(Short text fragments from websites)
--- START ---

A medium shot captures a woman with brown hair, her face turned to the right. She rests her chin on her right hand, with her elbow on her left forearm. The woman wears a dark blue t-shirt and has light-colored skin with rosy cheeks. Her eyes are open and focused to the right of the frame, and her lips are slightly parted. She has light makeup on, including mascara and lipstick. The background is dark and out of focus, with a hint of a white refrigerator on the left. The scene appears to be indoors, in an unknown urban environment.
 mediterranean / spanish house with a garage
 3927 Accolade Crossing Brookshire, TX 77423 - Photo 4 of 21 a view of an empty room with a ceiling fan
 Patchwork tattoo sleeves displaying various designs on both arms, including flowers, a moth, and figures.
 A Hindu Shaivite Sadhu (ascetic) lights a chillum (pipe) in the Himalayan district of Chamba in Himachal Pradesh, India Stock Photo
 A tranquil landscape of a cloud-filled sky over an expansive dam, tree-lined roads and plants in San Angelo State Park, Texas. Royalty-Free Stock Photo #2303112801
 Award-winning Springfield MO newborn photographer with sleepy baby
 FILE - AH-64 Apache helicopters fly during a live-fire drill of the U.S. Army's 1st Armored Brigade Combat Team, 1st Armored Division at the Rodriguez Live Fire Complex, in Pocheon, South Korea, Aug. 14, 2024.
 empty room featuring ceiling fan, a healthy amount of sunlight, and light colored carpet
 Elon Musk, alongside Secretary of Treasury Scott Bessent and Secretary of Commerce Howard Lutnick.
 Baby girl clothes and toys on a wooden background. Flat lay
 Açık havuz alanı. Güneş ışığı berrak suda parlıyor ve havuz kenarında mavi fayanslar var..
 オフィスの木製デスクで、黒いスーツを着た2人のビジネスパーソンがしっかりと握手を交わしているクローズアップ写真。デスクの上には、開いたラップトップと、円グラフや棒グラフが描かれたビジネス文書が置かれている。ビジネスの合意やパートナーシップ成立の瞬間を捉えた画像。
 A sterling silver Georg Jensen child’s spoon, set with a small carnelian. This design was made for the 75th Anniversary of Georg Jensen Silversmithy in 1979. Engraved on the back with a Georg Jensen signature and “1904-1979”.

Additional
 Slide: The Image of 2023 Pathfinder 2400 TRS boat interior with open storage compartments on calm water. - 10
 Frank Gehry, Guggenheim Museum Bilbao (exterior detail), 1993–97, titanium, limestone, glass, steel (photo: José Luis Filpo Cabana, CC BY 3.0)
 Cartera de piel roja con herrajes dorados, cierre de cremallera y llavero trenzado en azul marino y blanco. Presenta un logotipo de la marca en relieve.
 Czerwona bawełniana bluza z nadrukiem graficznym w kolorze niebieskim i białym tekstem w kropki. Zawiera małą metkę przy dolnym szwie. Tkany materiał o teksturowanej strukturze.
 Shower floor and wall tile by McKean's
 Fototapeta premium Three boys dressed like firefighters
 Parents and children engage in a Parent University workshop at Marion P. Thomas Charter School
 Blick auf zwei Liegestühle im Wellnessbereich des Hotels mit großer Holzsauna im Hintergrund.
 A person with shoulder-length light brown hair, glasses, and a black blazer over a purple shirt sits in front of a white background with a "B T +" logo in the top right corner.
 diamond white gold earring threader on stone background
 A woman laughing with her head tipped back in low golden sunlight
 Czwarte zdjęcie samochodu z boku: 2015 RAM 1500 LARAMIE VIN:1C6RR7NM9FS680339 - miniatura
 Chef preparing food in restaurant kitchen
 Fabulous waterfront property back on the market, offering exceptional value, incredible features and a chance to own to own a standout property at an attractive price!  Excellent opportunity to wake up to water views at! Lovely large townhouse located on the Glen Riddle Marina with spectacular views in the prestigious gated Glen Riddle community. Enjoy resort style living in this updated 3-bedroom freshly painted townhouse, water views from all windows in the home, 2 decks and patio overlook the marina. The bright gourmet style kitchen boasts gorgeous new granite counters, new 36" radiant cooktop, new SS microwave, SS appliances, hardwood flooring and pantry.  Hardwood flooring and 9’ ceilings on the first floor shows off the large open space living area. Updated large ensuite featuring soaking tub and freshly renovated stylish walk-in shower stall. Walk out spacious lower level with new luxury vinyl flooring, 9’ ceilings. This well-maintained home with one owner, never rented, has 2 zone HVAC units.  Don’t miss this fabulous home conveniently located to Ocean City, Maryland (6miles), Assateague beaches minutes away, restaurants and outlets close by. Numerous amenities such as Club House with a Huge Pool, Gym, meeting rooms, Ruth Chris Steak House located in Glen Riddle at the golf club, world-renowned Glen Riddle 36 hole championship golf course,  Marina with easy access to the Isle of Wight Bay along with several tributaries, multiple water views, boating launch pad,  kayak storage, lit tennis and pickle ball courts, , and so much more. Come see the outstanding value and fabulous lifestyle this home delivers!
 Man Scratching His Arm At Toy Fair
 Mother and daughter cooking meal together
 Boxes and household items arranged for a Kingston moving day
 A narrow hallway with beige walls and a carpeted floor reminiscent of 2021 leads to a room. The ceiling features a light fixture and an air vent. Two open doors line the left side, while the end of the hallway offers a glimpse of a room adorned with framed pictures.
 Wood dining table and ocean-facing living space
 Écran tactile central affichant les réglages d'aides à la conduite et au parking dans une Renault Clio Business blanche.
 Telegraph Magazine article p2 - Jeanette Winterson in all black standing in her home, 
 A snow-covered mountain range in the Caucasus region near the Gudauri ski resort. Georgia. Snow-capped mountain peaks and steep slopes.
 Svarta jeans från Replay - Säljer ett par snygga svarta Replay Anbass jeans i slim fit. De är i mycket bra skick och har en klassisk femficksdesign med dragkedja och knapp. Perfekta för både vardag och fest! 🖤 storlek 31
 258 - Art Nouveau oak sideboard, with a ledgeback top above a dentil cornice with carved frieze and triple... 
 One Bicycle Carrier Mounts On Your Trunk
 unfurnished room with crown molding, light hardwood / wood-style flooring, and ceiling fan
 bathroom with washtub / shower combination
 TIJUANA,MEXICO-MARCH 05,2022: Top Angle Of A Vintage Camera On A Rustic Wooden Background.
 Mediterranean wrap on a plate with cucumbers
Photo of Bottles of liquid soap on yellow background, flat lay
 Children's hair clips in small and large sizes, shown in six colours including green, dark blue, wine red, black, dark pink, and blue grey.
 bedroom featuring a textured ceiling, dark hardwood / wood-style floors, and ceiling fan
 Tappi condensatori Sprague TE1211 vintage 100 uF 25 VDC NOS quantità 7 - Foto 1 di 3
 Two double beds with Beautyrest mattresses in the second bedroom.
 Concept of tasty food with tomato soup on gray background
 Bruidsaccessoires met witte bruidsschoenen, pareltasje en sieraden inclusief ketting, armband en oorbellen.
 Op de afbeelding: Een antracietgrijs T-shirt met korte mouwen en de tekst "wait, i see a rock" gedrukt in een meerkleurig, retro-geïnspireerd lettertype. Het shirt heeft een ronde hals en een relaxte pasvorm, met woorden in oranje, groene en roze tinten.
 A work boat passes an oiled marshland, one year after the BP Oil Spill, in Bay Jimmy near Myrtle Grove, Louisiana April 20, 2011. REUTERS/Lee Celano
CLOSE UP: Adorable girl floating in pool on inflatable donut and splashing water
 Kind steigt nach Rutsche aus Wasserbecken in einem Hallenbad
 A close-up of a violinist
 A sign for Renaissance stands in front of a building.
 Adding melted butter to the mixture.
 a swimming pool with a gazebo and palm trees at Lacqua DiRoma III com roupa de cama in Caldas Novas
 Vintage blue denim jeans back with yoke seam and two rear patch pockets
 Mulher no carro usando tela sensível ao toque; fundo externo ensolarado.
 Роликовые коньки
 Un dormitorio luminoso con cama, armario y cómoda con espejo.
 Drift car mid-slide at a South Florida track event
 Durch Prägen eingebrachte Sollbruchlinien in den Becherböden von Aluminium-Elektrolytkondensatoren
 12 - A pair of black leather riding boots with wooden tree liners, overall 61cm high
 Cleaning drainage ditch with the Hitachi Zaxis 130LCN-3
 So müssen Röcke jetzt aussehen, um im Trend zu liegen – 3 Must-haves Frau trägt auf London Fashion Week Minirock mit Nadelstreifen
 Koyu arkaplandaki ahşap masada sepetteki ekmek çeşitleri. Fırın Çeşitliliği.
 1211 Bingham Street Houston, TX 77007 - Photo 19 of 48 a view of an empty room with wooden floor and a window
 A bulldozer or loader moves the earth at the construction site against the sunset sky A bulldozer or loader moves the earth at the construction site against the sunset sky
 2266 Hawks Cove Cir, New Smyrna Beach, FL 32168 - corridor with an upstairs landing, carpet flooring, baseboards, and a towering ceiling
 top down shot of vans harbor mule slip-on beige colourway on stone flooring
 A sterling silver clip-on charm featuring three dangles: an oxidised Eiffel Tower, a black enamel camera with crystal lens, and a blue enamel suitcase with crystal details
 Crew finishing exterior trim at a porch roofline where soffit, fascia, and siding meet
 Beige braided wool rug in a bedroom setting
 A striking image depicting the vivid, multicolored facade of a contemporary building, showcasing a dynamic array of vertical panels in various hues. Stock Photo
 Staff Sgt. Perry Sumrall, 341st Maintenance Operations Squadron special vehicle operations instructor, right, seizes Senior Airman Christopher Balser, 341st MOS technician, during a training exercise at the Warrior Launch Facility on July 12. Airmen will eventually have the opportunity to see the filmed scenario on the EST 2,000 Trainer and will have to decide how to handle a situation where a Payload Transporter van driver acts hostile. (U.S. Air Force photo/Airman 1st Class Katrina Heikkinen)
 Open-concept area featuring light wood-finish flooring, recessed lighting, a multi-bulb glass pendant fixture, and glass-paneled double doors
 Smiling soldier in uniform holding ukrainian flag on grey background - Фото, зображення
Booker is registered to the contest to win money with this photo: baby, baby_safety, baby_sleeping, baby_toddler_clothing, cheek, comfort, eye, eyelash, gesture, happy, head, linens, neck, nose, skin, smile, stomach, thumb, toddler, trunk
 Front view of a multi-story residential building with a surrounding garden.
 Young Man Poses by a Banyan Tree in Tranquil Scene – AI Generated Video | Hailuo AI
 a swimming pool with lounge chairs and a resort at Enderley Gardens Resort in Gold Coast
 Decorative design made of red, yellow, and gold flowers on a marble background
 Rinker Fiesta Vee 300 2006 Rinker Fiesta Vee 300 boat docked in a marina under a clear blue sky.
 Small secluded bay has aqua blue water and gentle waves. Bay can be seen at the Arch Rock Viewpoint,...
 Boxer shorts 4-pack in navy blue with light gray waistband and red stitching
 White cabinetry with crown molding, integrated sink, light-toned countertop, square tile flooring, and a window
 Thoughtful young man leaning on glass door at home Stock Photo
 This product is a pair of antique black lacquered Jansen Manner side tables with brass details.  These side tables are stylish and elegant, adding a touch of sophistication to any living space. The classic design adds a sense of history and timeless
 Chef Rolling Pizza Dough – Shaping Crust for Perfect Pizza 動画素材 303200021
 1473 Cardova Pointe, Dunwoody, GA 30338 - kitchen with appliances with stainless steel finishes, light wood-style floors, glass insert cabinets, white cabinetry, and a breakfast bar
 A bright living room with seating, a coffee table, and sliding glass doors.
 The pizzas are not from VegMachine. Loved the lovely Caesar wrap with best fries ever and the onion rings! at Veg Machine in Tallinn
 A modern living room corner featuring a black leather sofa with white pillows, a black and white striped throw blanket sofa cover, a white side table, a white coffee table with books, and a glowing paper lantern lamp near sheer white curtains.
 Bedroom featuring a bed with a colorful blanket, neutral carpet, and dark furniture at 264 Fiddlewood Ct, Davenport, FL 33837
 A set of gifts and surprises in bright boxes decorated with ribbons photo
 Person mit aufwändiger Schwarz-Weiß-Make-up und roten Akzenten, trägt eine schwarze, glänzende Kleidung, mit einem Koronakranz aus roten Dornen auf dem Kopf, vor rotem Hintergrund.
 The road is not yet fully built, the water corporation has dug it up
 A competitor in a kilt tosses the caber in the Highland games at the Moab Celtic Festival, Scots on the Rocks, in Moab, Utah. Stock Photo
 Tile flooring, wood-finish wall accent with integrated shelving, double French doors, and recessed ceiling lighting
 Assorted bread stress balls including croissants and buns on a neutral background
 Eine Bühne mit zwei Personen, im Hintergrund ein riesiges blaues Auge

--- END ---

Work instruction —
From the data above, return every line from the line that has "Роликовые коньки" up to and including the line that has "A striking image", exactly.

Solution to this problem —
 Роликовые коньки
 Un dormitorio luminoso con cama, armario y cómoda con espejo.
 Drift car mid-slide at a South Florida track event
 Durch Prägen eingebrachte Sollbruchlinien in den Becherböden von Aluminium-Elektrolytkondensatoren
 12 - A pair of black leather riding boots with wooden tree liners, overall 61cm high
 Cleaning drainage ditch with the Hitachi Zaxis 130LCN-3
 So müssen Röcke jetzt aussehen, um im Trend zu liegen – 3 Must-haves Frau trägt auf London Fashion Week Minirock mit Nadelstreifen
 Koyu arkaplandaki ahşap masada sepetteki ekmek çeşitleri. Fırın Çeşitliliği.
 1211 Bingham Street Houston, TX 77007 - Photo 19 of 48 a view of an empty room with wooden floor and a window
 A bulldozer or loader moves the earth at the construction site against the sunset sky A bulldozer or loader moves the earth at the construction site against the sunset sky
 2266 Hawks Cove Cir, New Smyrna Beach, FL 32168 - corridor with an upstairs landing, carpet flooring, baseboards, and a towering ceiling
 top down shot of vans harbor mule slip-on beige colourway on stone flooring
 A sterling silver clip-on charm featuring three dangles: an oxidised Eiffel Tower, a black enamel camera with crystal lens, and a blue enamel suitcase with crystal details
 Crew finishing exterior trim at a porch roofline where soffit, fascia, and siding meet
 Beige braided wool rug in a bedroom setting
 A striking image depicting the vivid, multicolored facade of a contemporary building, showcasing a dynamic array of vertical panels in various hues. Stock Photo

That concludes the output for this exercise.